▶ GIVEN INFORMATION

○ ○ ○

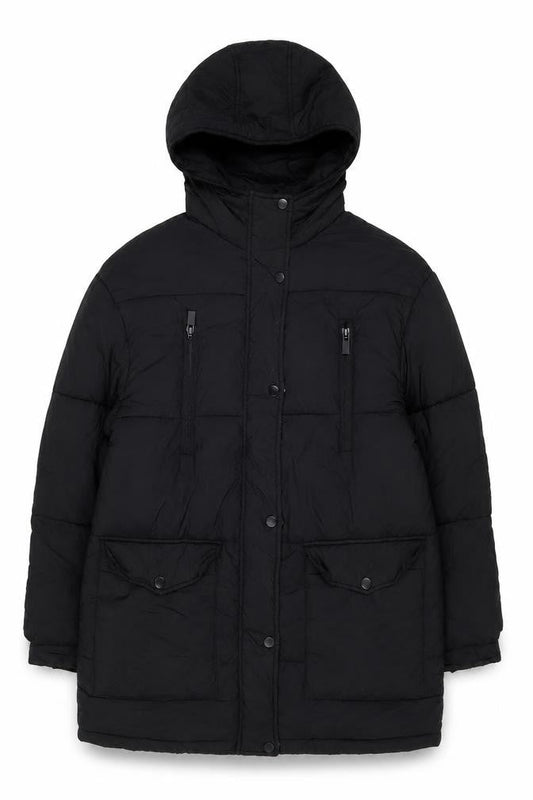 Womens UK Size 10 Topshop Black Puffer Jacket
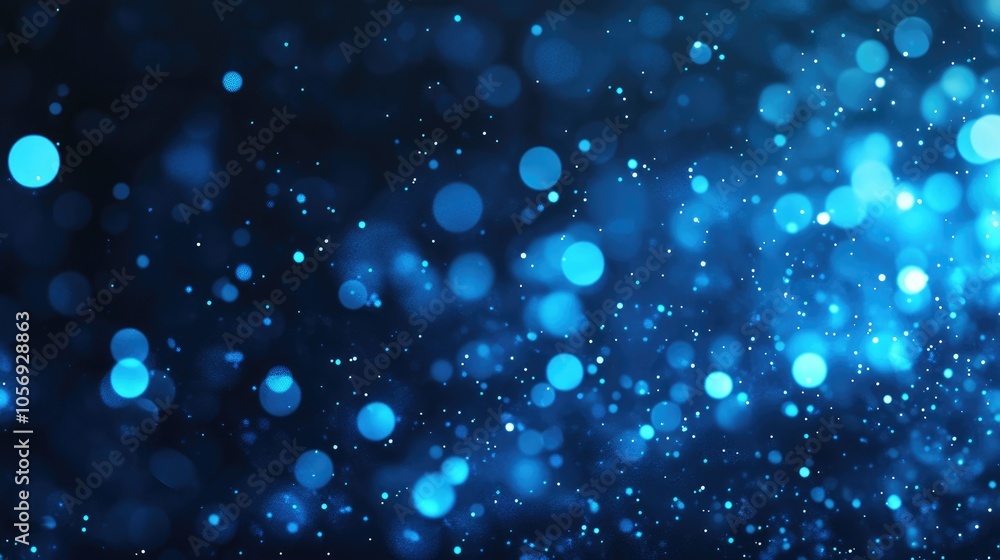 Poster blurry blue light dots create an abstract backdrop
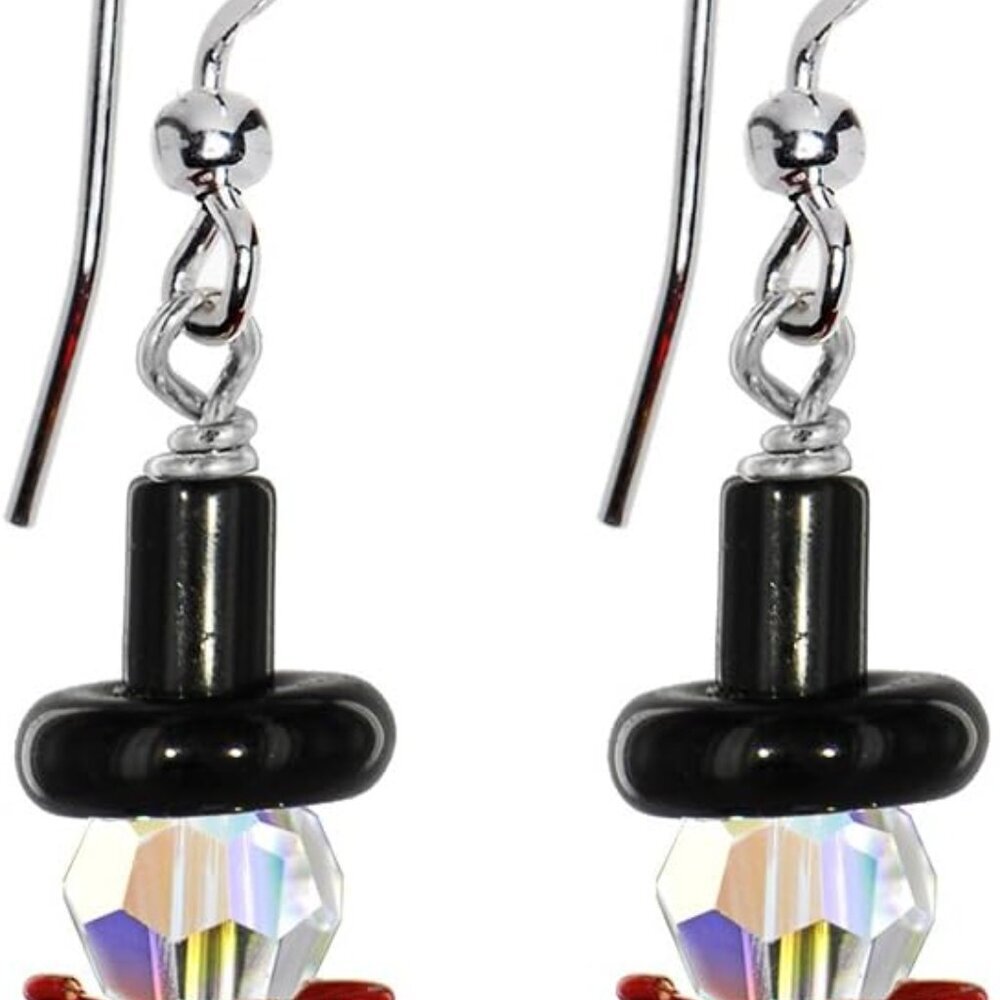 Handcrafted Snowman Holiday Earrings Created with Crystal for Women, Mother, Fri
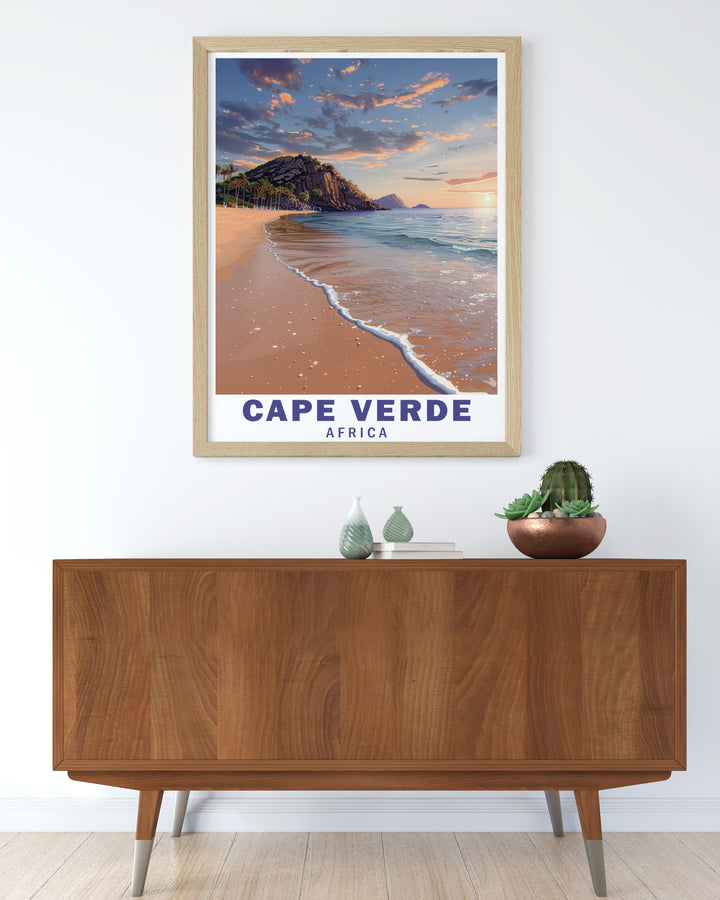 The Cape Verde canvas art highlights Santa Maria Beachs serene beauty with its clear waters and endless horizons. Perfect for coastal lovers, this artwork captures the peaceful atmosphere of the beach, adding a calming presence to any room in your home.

○ ○ ○

▶ TO DO
Transcribe the data completely. No pictures should appear in the transcription.

▶ SOLUTION
 Womens UK Size 10 Topshop Black Puffer Jacket
 Poster blurry blue light dots create an abstract backdrop
 Handcrafted Snowman Holiday Earrings Created with Crystal for Women, Mother, Fri
 The Cape Verde canvas art highlights Santa Maria Beachs serene beauty with its clear waters and endless horizons. Perfect for coastal lovers, this artwork captures the peaceful atmosphere of the beach, adding a calming presence to any room in your home.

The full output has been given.